- **RECORD SET**
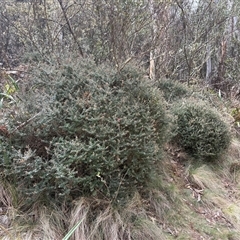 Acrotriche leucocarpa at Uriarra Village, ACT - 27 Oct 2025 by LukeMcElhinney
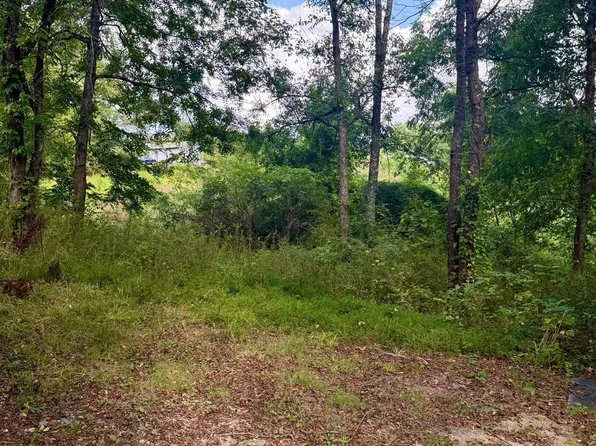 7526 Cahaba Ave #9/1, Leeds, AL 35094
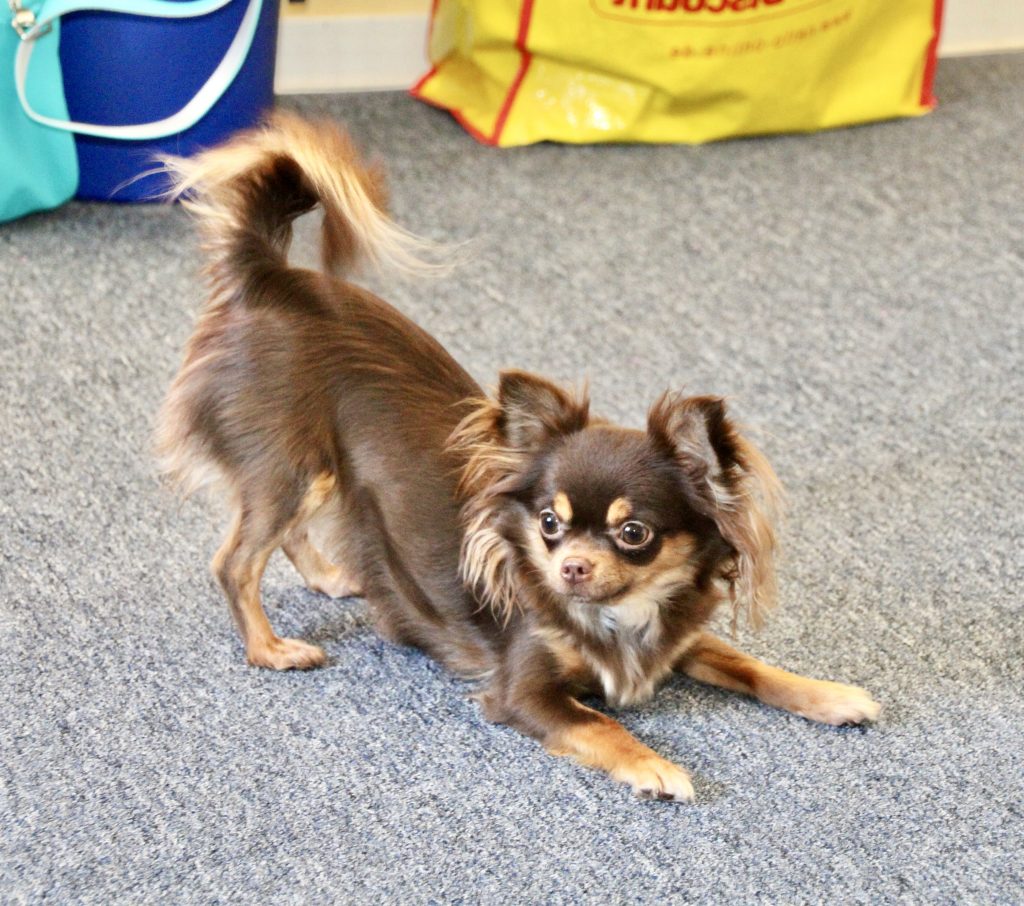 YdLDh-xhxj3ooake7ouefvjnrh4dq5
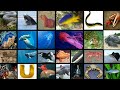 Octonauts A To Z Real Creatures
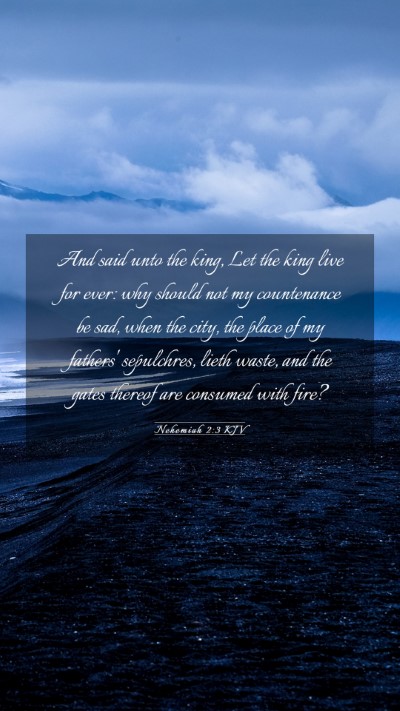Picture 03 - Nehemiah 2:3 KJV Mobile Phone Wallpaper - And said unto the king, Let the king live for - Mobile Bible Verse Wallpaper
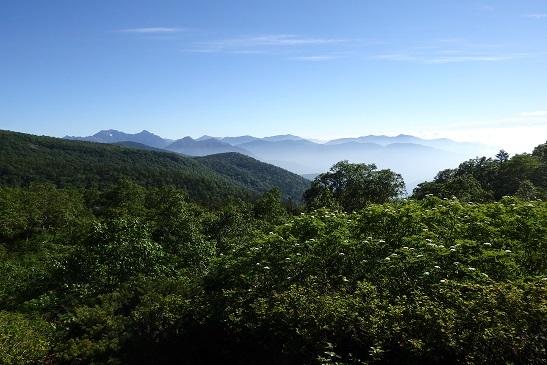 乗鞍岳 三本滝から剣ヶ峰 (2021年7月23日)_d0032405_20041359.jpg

- **TASK REQUIREMENTS**
Write out the whole of the data exactly; the pictures stay out.

- **TASK OUTPUT**
 Acrotriche leucocarpa at Uriarra Village, ACT - 27 Oct 2025 by LukeMcElhinney
 7526 Cahaba Ave #9/1, Leeds, AL 35094
 YdLDh-xhxj3ooake7ouefvjnrh4dq5
 Octonauts A To Z Real Creatures
Picture 03 - Nehemiah 2:3 KJV Mobile Phone Wallpaper - And said unto the king, Let the king live for - Mobile Bible Verse Wallpaper
 乗鞍岳 三本滝から剣ヶ峰 (2021年7月23日)_d0032405_20041359.jpg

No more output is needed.